§ **Data extract**:
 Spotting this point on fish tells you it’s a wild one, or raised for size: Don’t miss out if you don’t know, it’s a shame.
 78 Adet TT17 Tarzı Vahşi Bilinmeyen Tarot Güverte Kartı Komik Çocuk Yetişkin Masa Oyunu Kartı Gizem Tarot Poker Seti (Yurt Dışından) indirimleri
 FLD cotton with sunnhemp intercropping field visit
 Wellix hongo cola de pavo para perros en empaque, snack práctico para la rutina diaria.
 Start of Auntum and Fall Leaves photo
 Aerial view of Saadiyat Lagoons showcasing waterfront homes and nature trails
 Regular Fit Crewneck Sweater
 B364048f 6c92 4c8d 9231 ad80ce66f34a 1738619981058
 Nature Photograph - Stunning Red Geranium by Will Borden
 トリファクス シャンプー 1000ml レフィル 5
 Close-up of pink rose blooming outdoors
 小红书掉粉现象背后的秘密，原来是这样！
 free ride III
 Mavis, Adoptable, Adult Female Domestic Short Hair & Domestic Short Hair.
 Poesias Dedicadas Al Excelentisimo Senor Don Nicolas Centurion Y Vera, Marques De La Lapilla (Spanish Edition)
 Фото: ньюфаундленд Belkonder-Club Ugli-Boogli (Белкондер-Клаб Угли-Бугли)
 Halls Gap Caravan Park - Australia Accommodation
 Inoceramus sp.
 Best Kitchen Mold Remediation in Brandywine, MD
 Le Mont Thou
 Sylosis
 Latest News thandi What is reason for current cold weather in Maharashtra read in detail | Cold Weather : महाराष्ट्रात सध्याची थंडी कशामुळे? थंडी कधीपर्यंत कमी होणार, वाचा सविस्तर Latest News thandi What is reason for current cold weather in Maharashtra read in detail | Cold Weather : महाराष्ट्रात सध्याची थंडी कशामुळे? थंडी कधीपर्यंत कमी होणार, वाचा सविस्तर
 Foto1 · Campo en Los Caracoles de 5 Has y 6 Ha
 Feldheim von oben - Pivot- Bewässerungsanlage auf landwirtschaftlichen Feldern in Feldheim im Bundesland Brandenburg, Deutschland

§ **Task goal**:
Every line from the one containing "वाचा सविस्तर Latest" to the end of the material above must be written out exactly. Nothing else is wanted.

§ **Solved exercise**:
 Latest News thandi What is reason for current cold weather in Maharashtra read in detail | Cold Weather : महाराष्ट्रात सध्याची थंडी कशामुळे? थंडी कधीपर्यंत कमी होणार, वाचा सविस्तर Latest News thandi What is reason for current cold weather in Maharashtra read in detail | Cold Weather : महाराष्ट्रात सध्याची थंडी कशामुळे? थंडी कधीपर्यंत कमी होणार, वाचा सविस्तर
 Foto1 · Campo en Los Caracoles de 5 Has y 6 Ha
 Feldheim von oben - Pivot- Bewässerungsanlage auf landwirtschaftlichen Feldern in Feldheim im Bundesland Brandenburg, Deutschland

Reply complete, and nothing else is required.